- Interactive map of the Isho area

General information
- Status: Under construction
- Location: Timișoara, Romania
- Coordinates: 45°45′38″N 21°14′39″E﻿ / ﻿45.7606°N 21.2443°E
- Construction started: 2017
- Cost: € 130 million
- Owner: Mulberry Development

Height
- Roof: 75 m (246 ft) (Riverside A)

Technical details
- Floor count: 6 to 20

Design and construction
- Architects: Andreescu & Gaivoronschi

= Isho, Romania =

Mixed-use complex in Timișoara, Romania

Isho, sometimes stylized in all caps, is a mixed-use development edge city located in Timișoara, Romania.
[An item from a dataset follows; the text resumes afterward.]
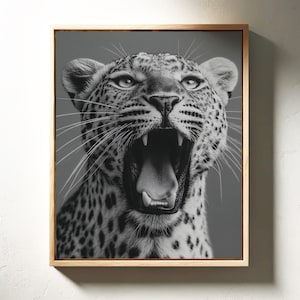 May include: Black and white framed print of a leopard with its mouth wide open, showcasing its teeth and tongue. The leopard's spotted fur is detailed, and the image is set against a gray background.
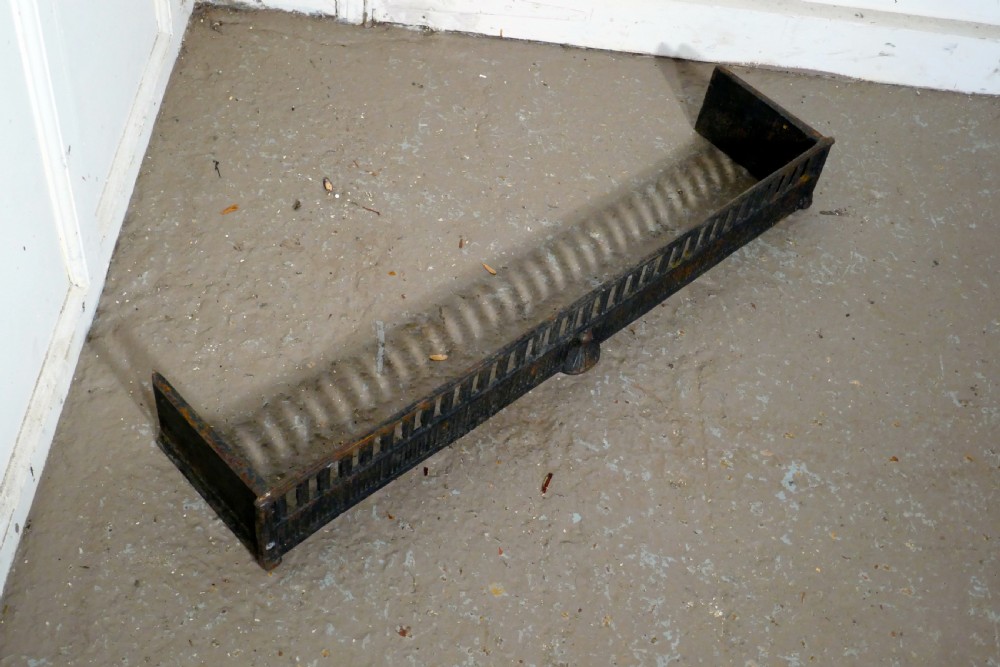 victorian cast iron fender or dog grate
The project was conceived from the beginning to integrate residential, hotel, retail and entertainment functions. The mixed project includes, in addition to the previous facilities, a 7500 m2 park, event rooms, offices, a multi-story car park and an expo pavilion. The gross area amounts to approximately 200000 m2 with rentable area of about 135000 m2. The complex is the home of the tallest residential buildings in Timișoara (Riverside A – 75 m and Parkside D – 70 m).

==History==
The current complex was built on vacant land that belonged to the former ILSA wool factory until 2012. Isho is a project by Mulberry Development, a real estate firm founded by Ovidiu Șandor, which previously developed office complexes such as the City Business Centre in Timișoara and The Office in Cluj-Napoca. Șandor introduced a new urban center concept designed to support the gradual development of the area. The office component was designed for a phased development, in three phases. Construction of the project began in 2016.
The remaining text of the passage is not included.